On Monday 26 May 2008 05:08:46 Dmitry Timoshkov wrote:
"Kai Blin" kai.blin@gmail.com wrote:
- {FROM_PROTOCOL_INFO, FROM_PROTOCOL_INFO},
};
Although it was the case before, it's a mistake to have a comma after the last struct member initializer.
It is? K&R seems to use both, so I preferred to keep it similar to all the other struct member initializers.
I said "a mistake" not "an error". Although the compiler forgives this, what the last comma is serving for?
The C grammar printed in my edition of K&R says the following about initializers
initializer: assignment-expression { initializer-list } { initializer-list , }
so it looks like it's in the C standard that both are perfectly valid. I used the perfectly valid form the rest of the file uses.
- if (lpProtocolInfo) {
if (af == FROM_PROTOCOL_INFO)
af = lpProtocolInfo->iAddressFamily;
if (type == FROM_PROTOCOL_INFO)
type = lpProtocolInfo->iSocketType;
if (protocol == FROM_PROTOCOL_INFO)
protocol = lpProtocolInfo->iProtocol;
Please keep opening brace style/indentation consistent with code you have removed.
The function is a mess with brace style and indentation. I've used the same indentaion as the if right above this one. The function wildly mixes two-space, three-space and four-space indents. In this case, I used two-space indents for the outer if and four-space indents for the inner ifs for better readability.

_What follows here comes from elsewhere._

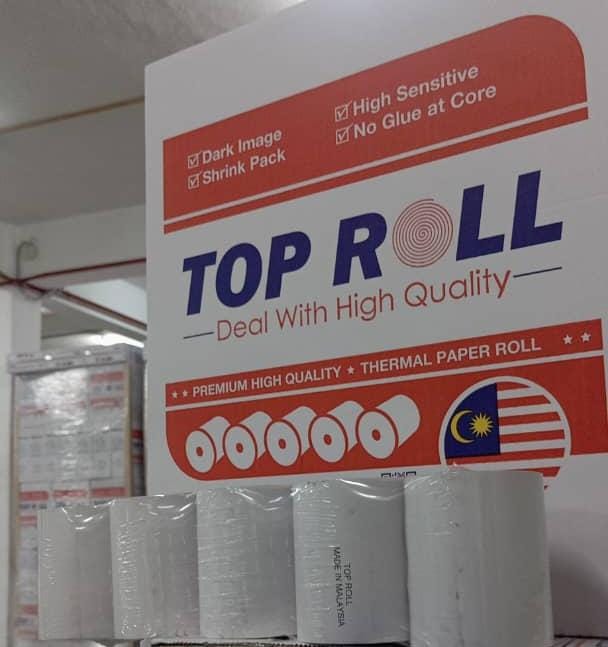 TopRollPaper's tweet photo. Promote high-quality standards 🇲🇾
#toprollpaper #thermalpaper #pos #cashregister #possystems #possupplies #malaysia #usa #canada #uk #australia #ksa #uae #qatar #kuwait #yemen #africa https://t.co/sx7VHtJ4as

Even if the overall style is a mess it's not a solution to add the code which mixes 2 and 4 spaces indentation, and the code you have removed used a consistent style.

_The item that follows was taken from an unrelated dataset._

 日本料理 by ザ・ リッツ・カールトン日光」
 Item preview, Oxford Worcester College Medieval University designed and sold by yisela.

Ok. Fine. How about we finally agree on a coding standard, document that somewhere and require all new patches to conform to that? Then at least one wouldn't have to guess which broken indentation/braces to follow.

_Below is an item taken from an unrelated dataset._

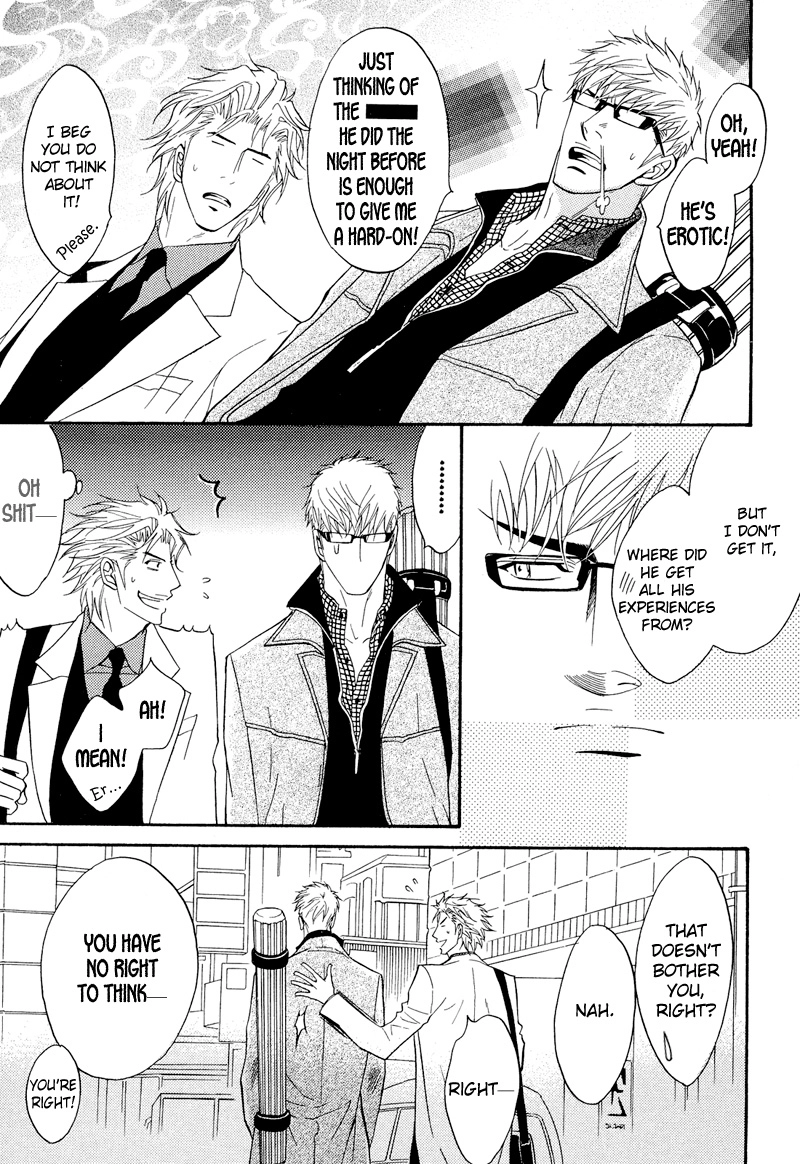 Read Punch Up chapter 6 image 8 on Lezhin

PSDK has the AF_*, PF_*, SOCK_* and IPPROTO_* defines in winsock2.h as well, Wine hasn't. I preferred to keep them together.
How much efforts would it take to put 1 line to a proper .h file?
You're not even looking at what I wrote, are you? FROM_PROTOCOL_INFO is used like an address family define, and I tried to keep all of them together.
All the patches sent to wine-patches fix a bug, not of them are applied due to different reasons. You are not a first timer, and know the rules.
What rules are you referring to? The rule that says when adding code to a file that has no obvious dominating code style, I should pick the code style from below the code I add not the code style from above the code I add? I didn't know that one.
I welcome code review that points out errors in my code. Code review that alternates between requiring me to be "formally correct" and "consistent to the code" in a seemingly random fashion is different.
So you don't care about this patch because you don't have a customer who needs it, I don't care about this patch because I can spend my free time on other things. Let's just drop it then.